[Your objective] Copy all of the entries that follow, exactly.

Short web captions
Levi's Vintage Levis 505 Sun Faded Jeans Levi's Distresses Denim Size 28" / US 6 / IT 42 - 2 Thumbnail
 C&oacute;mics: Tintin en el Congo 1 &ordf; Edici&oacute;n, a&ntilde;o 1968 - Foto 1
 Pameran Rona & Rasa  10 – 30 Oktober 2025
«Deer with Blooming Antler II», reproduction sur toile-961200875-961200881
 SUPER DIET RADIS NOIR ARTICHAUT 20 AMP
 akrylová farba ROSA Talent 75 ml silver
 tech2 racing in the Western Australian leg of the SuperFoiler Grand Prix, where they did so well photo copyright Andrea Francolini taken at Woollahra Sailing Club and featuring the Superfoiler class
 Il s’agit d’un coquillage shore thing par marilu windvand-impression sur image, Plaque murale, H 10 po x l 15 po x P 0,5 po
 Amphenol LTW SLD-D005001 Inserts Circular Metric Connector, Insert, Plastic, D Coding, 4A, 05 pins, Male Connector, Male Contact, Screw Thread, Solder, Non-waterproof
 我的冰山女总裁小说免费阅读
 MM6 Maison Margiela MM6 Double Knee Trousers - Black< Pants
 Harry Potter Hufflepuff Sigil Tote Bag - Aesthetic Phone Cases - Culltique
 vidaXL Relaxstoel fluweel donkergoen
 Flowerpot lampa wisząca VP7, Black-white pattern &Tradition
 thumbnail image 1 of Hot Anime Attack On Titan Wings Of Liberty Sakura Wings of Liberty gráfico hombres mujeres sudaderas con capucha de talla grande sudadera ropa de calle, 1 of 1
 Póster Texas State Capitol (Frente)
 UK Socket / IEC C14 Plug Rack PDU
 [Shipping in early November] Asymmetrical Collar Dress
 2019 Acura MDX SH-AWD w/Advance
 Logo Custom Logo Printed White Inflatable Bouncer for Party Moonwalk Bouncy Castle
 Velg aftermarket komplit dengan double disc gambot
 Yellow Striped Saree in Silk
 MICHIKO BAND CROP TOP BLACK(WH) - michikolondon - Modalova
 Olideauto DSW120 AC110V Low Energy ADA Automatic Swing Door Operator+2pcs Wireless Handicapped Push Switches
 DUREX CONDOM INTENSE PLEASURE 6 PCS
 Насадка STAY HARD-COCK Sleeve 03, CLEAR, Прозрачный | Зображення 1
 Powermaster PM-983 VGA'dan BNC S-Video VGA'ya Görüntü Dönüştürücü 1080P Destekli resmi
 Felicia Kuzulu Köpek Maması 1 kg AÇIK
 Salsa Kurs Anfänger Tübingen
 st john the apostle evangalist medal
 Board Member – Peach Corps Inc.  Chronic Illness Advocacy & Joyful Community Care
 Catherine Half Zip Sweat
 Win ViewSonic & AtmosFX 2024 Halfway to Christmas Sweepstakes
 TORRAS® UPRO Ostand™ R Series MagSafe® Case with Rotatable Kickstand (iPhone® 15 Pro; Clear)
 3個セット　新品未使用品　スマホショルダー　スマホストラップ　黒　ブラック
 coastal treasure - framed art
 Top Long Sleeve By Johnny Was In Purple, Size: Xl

[Solution to the exercise]
Levi's Vintage Levis 505 Sun Faded Jeans Levi's Distresses Denim Size 28" / US 6 / IT 42 - 2 Thumbnail
 C&oacute;mics: Tintin en el Congo 1 &ordf; Edici&oacute;n, a&ntilde;o 1968 - Foto 1
 Pameran Rona & Rasa  10 – 30 Oktober 2025
«Deer with Blooming Antler II», reproduction sur toile-961200875-961200881
 SUPER DIET RADIS NOIR ARTICHAUT 20 AMP
 akrylová farba ROSA Talent 75 ml silver
 tech2 racing in the Western Australian leg of the SuperFoiler Grand Prix, where they did so well photo copyright Andrea Francolini taken at Woollahra Sailing Club and featuring the Superfoiler class
 Il s’agit d’un coquillage shore thing par marilu windvand-impression sur image, Plaque murale, H 10 po x l 15 po x P 0,5 po
 Amphenol LTW SLD-D005001 Inserts Circular Metric Connector, Insert, Plastic, D Coding, 4A, 05 pins, Male Connector, Male Contact, Screw Thread, Solder, Non-waterproof
 我的冰山女总裁小说免费阅读
 MM6 Maison Margiela MM6 Double Knee Trousers - Black< Pants
 Harry Potter Hufflepuff Sigil Tote Bag - Aesthetic Phone Cases - Culltique
 vidaXL Relaxstoel fluweel donkergoen
 Flowerpot lampa wisząca VP7, Black-white pattern &Tradition
 thumbnail image 1 of Hot Anime Attack On Titan Wings Of Liberty Sakura Wings of Liberty gráfico hombres mujeres sudaderas con capucha de talla grande sudadera ropa de calle, 1 of 1
 Póster Texas State Capitol (Frente)
 UK Socket / IEC C14 Plug Rack PDU
 [Shipping in early November] Asymmetrical Collar Dress
 2019 Acura MDX SH-AWD w/Advance
 Logo Custom Logo Printed White Inflatable Bouncer for Party Moonwalk Bouncy Castle
 Velg aftermarket komplit dengan double disc gambot
 Yellow Striped Saree in Silk
 MICHIKO BAND CROP TOP BLACK(WH) - michikolondon - Modalova
 Olideauto DSW120 AC110V Low Energy ADA Automatic Swing Door Operator+2pcs Wireless Handicapped Push Switches
 DUREX CONDOM INTENSE PLEASURE 6 PCS
 Насадка STAY HARD-COCK Sleeve 03, CLEAR, Прозрачный | Зображення 1
 Powermaster PM-983 VGA'dan BNC S-Video VGA'ya Görüntü Dönüştürücü 1080P Destekli resmi
 Felicia Kuzulu Köpek Maması 1 kg AÇIK
 Salsa Kurs Anfänger Tübingen
 st john the apostle evangalist medal
 Board Member – Peach Corps Inc.  Chronic Illness Advocacy & Joyful Community Care
 Catherine Half Zip Sweat
 Win ViewSonic & AtmosFX 2024 Halfway to Christmas Sweepstakes
 TORRAS® UPRO Ostand™ R Series MagSafe® Case with Rotatable Kickstand (iPhone® 15 Pro; Clear)
 3個セット　新品未使用品　スマホショルダー　スマホストラップ　黒　ブラック
 coastal treasure - framed art
 Top Long Sleeve By Johnny Was In Purple, Size: Xl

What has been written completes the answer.